Among the lines of the listing below, retype exactly those from the one containing "Valmenti Kadın Hakiki" through the one containing "urban outfitters floral crop top size xs", both included. Do not include pictures.

### Records supplied

-------

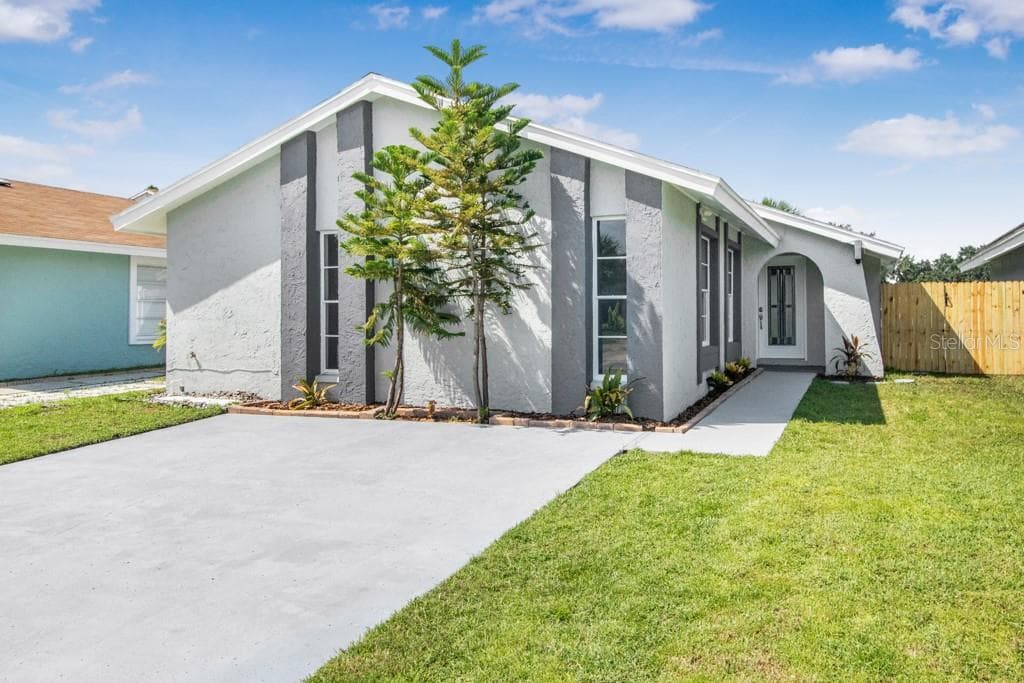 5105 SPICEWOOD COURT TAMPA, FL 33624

-------

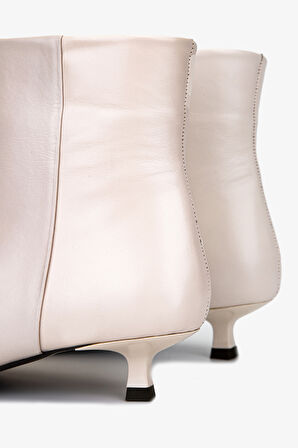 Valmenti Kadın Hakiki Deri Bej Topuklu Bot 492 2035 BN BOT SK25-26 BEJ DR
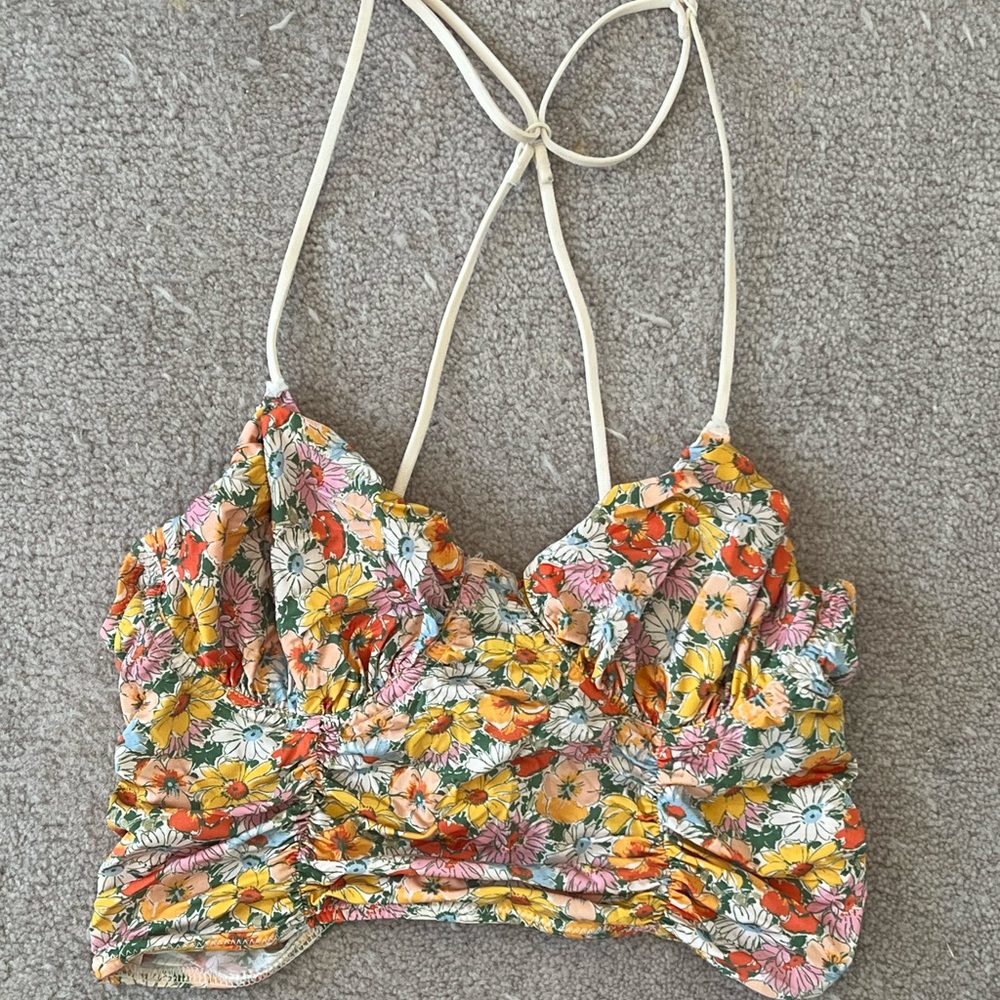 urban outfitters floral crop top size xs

-------

### Answer section
 Valmenti Kadın Hakiki Deri Bej Topuklu Bot 492 2035 BN BOT SK25-26 BEJ DR
 urban outfitters floral crop top size xs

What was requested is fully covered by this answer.